++++ SOURCE INFORMATION ++++

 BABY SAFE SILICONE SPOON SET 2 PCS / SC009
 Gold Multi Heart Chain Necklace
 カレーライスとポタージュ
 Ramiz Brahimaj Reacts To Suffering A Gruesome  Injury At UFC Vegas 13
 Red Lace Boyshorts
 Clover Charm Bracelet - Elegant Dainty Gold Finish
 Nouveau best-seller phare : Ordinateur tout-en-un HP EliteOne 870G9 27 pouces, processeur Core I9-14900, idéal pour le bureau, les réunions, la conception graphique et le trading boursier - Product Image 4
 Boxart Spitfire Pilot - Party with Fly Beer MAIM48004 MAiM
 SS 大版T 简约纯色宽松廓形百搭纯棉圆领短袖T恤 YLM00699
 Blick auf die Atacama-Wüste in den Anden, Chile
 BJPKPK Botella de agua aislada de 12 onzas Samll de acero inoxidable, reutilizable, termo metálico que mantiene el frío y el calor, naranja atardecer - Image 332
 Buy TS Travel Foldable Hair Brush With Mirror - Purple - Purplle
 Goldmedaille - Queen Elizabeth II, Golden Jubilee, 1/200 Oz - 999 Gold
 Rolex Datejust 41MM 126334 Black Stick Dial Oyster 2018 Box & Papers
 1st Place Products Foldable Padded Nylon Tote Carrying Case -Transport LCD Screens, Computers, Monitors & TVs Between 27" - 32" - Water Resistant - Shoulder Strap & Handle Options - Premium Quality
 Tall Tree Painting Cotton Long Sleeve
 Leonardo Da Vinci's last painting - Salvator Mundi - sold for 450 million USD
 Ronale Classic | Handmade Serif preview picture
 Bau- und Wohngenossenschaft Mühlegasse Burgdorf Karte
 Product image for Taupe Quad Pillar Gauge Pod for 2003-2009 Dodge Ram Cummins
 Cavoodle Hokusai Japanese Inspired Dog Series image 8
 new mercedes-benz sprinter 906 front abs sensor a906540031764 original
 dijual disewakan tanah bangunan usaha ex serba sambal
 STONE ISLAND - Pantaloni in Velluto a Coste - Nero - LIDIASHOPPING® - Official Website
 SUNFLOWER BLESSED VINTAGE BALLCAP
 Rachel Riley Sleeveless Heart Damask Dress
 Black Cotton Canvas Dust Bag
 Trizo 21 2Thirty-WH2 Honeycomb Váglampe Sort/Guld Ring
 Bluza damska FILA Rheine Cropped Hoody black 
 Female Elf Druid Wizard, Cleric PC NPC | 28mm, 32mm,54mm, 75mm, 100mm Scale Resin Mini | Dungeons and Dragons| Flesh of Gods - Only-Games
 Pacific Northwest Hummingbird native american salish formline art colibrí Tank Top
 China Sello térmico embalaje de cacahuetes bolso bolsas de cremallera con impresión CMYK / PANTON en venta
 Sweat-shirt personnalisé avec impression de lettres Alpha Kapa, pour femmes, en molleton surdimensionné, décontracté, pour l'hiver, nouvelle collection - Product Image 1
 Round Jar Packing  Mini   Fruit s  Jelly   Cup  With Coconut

++++

» ABOUT THIS TASK
Copy out only the lines of the records above from the one with "Clover Charm Bracelet" through the one with "BJPKPK Botella de", exactly as they stand, both included.

» RESPONSE BELOW
 Clover Charm Bracelet - Elegant Dainty Gold Finish
 Nouveau best-seller phare : Ordinateur tout-en-un HP EliteOne 870G9 27 pouces, processeur Core I9-14900, idéal pour le bureau, les réunions, la conception graphique et le trading boursier - Product Image 4
 Boxart Spitfire Pilot - Party with Fly Beer MAIM48004 MAiM
 SS 大版T 简约纯色宽松廓形百搭纯棉圆领短袖T恤 YLM00699
 Blick auf die Atacama-Wüste in den Anden, Chile
 BJPKPK Botella de agua aislada de 12 onzas Samll de acero inoxidable, reutilizable, termo metálico que mantiene el frío y el calor, naranja atardecer - Image 332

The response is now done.